The European Arrest Warrant

Imagine for a moment, you are traveling in your car on vacation with a friend who happens to smoke a little pot. You are stopped for speeding and the police find some marijuana in your car. They make a note of it, but arrest neither you nor your friend. A couple of months later, back in your home state there comes an unexpected knock on the door. Handcuffs come out and off you go to spend up to 90 days in jail followed by extradition to the state where you incurred the ticket for speeding.

Preposterous? Of course, and it can’t happen here. But it is happening to travelers within the states of the European Union. Here is Wikipedia’s description of the law.

The European Arrest Warrant (EAW) is an arrest warrant valid throughout all member states of the European Union (EU). Once issued by a member state, it requires the receiving member state to arrest and transfer a criminal suspect or sentenced person to the issuing state that so that the person can be put on trial or complete a detention period. Extradition must take place within 90 days of arrest or within 10 days if the arrested person consents to surrender.

An EAW can only be issued for the purposes of conducting a criminal prosecution (not merely an investigation), or enforcing a custodial sentence.

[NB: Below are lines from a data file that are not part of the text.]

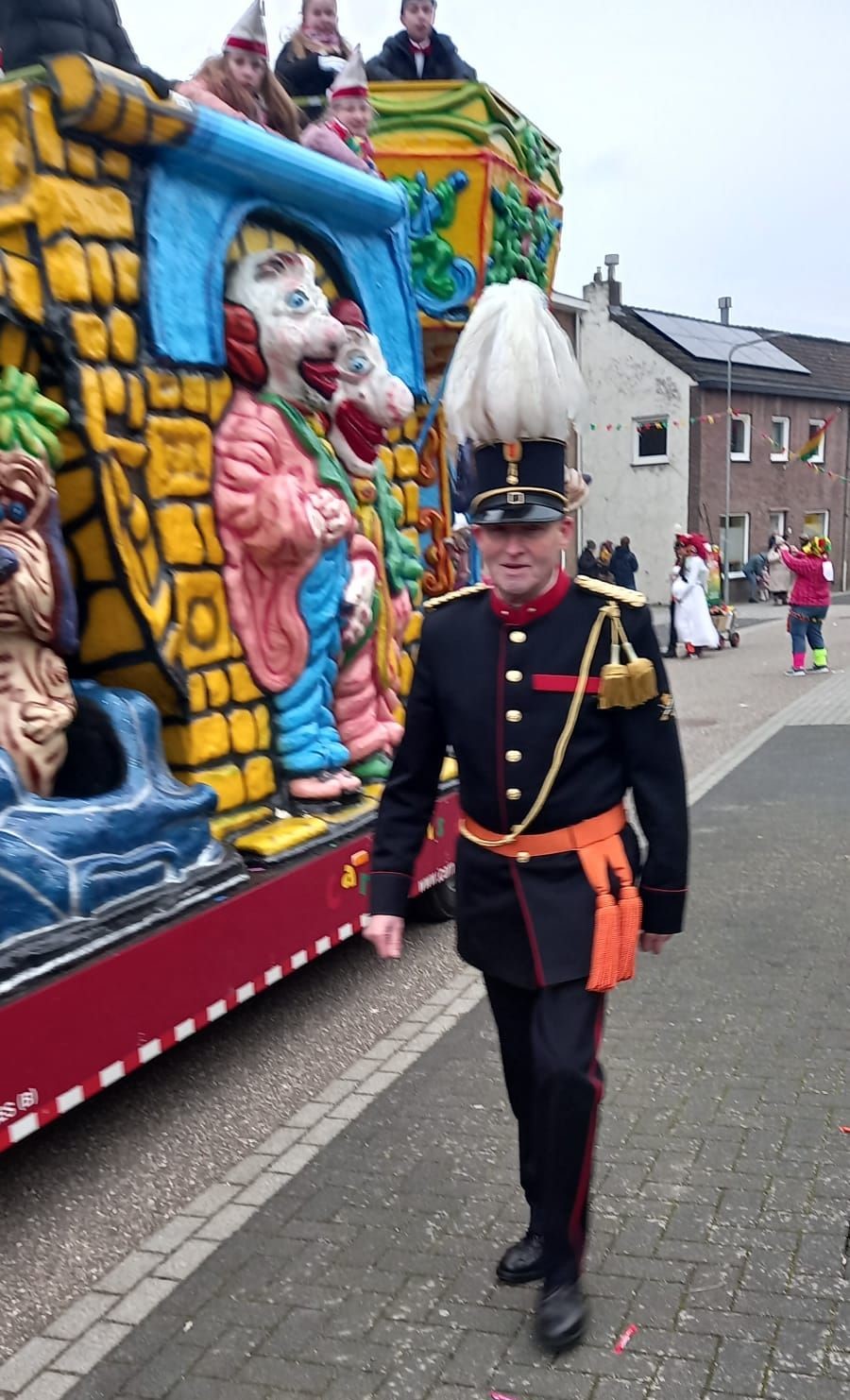 Begeleider Leo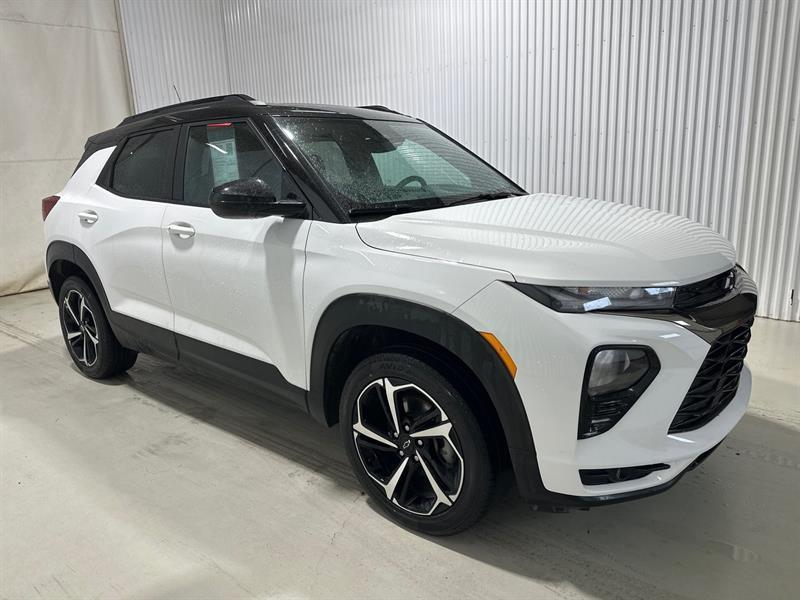 2023 Chevrolet Trailblazer - Image 4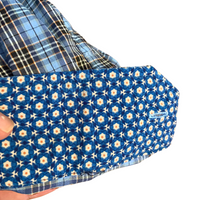 Johnston & Murphy Long Sleeve Plaid XL Shirt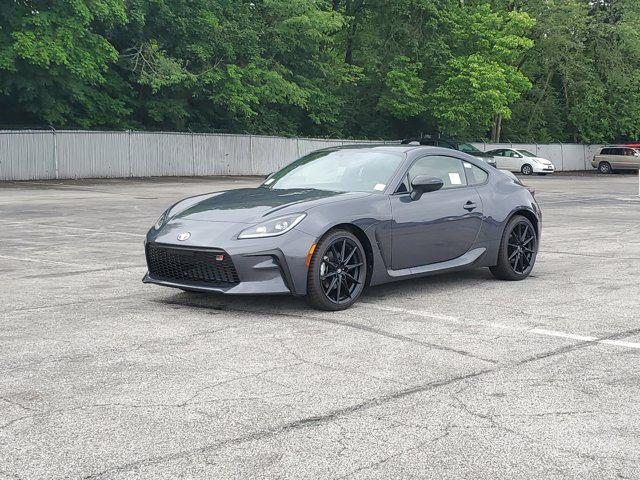 new 2025 Toyota GR86 car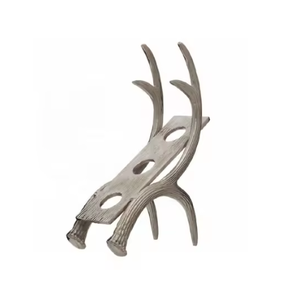 Vaisselle Stockage Du Vin Présentoirs Thème Moderne Comptoir Porte-Bouteille De Vin Casiers À Vin En Métal À Prix Économique - Product Image 5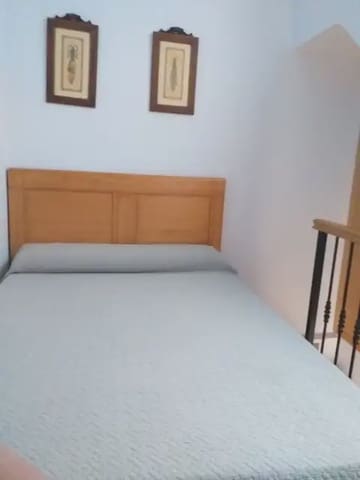 1 soverom Hus til leie i Torrox Pueblo, Torrox - € 600 (Ref: 10169075)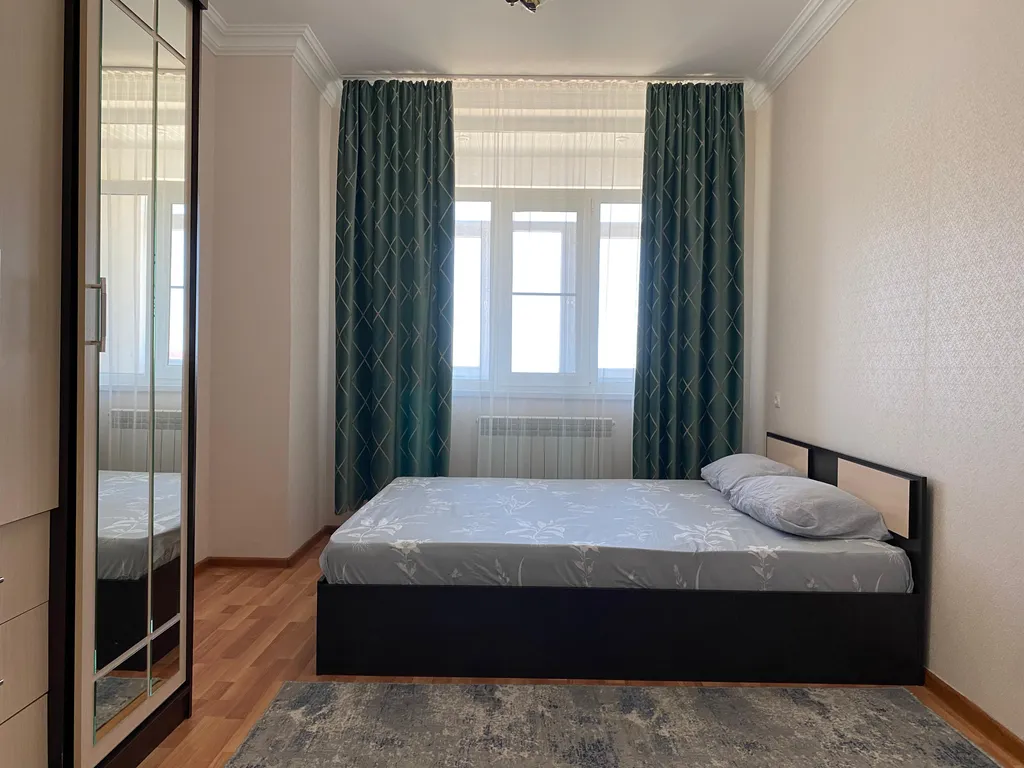 Квартира с видом на море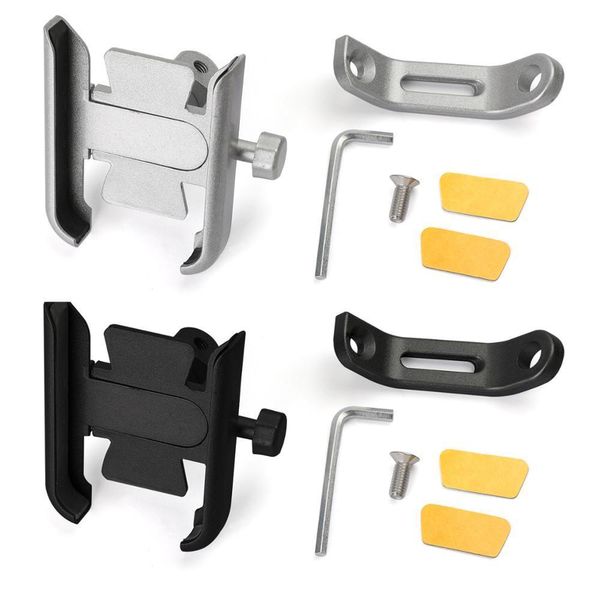 

artudatech bicycle motorcycle mirror 10mm cell phone mount bracket holder for smartphone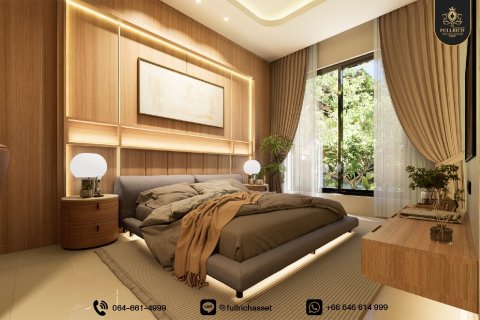 Villa in Hua Hin, Thailand 3 bedrooms № 169895 - photo 10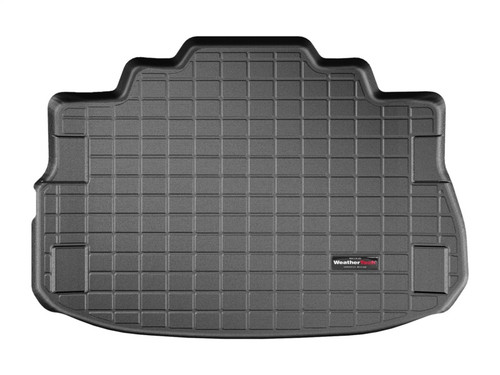 WeatherTech 2017+ Land Rover Ranger Rover Evoque Convertible Cargo Liner - Black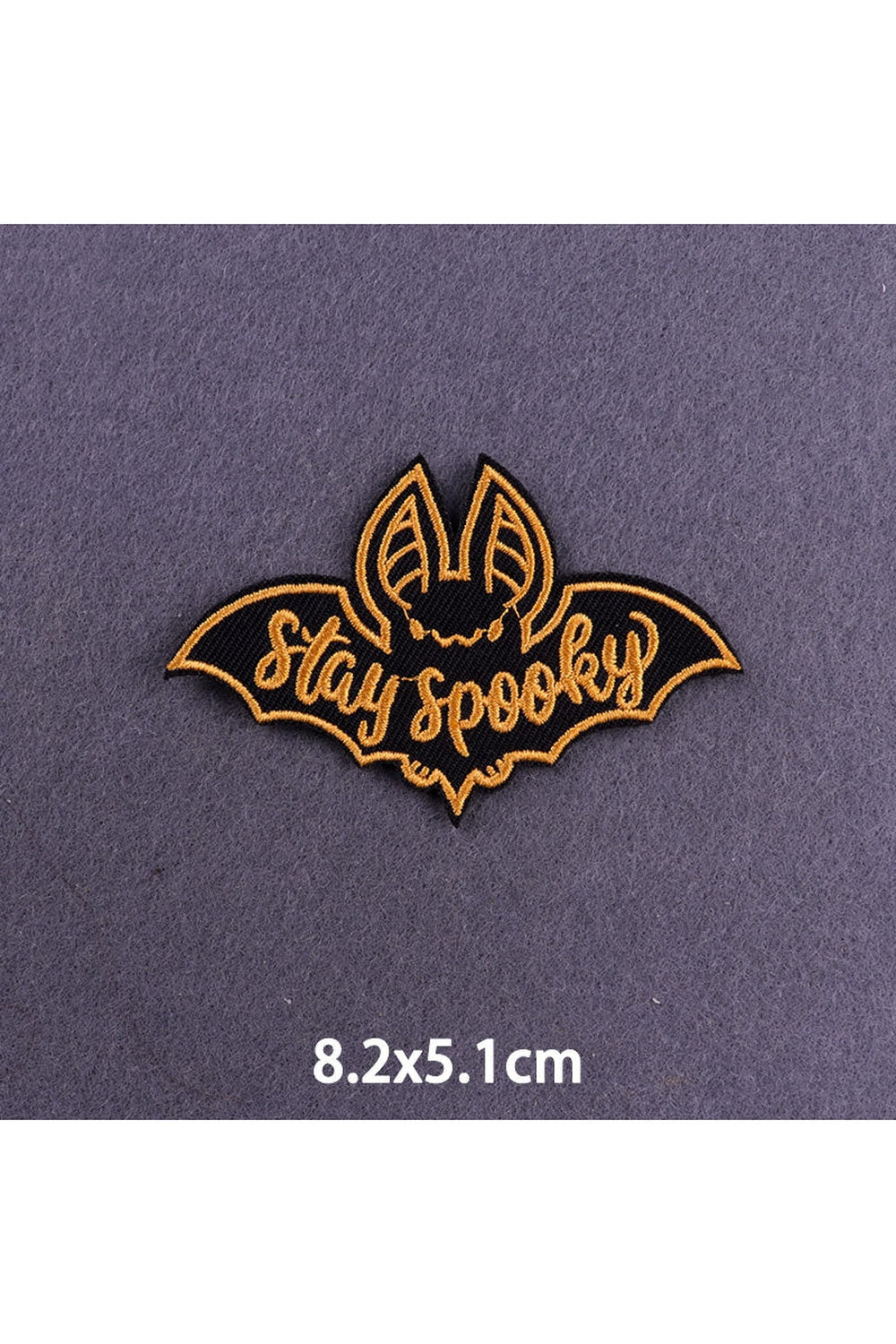 Magical Themed Embroidered Patches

An EAW can only be issued for offences carrying a maximum penalty of 12 months or more. Where sentence has already been passed an EAW can  be issued if the prison term to be enforced is at least four months long.

[Edited] The law was intended to increase the speed and ease of extradition  by removing the political and administrative phases of decision-making and converting the process into a system run entirely by the judiciary.